## Listed records
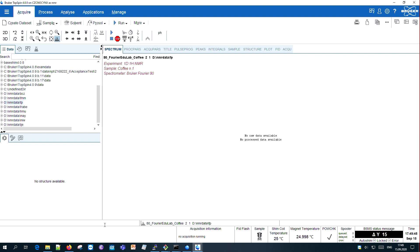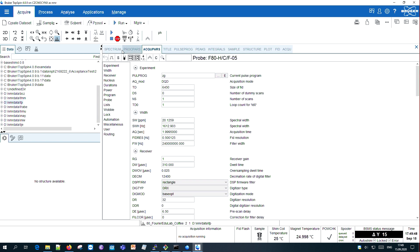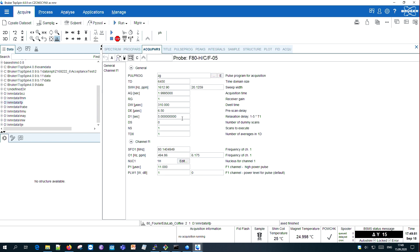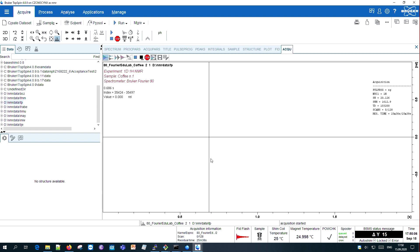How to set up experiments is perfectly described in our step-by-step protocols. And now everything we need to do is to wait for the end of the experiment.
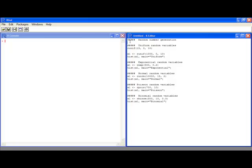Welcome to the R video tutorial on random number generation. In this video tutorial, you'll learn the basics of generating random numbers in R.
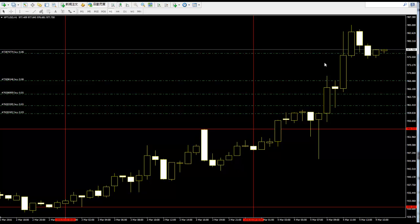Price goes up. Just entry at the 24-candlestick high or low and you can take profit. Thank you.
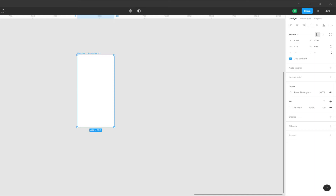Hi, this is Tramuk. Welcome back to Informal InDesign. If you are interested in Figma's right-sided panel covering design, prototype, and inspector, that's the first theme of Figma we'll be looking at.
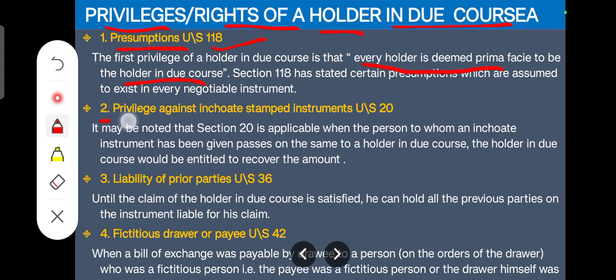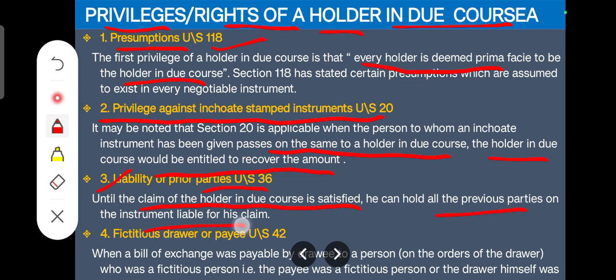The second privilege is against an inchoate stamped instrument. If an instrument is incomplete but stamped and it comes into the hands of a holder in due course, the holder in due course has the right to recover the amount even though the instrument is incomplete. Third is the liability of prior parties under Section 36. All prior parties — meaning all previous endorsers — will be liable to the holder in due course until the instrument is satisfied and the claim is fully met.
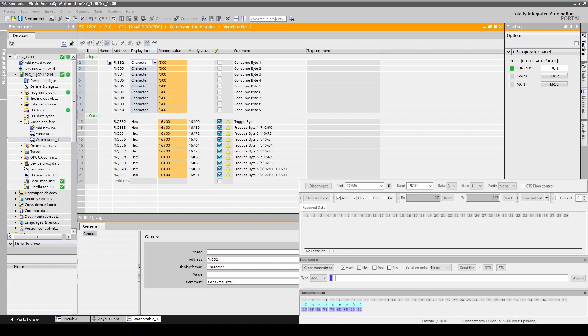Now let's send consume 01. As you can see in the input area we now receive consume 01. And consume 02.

## Instructions for the task
Reproduce exactly the lines above starting at the line containing "Welcome to the" and ending at the line containing "Hi, this is", including both, but not the pictures.

## Result for this exercise
Welcome to the R video tutorial on random number generation. In this video tutorial, you'll learn the basics of generating random numbers in R.
Price goes up. Just entry at the 24-candlestick high or low and you can take profit. Thank you.
Hi, this is Tramuk. Welcome back to Informal InDesign. If you are interested in Figma's right-sided panel covering design, prototype, and inspector, that's the first theme of Figma we'll be looking at.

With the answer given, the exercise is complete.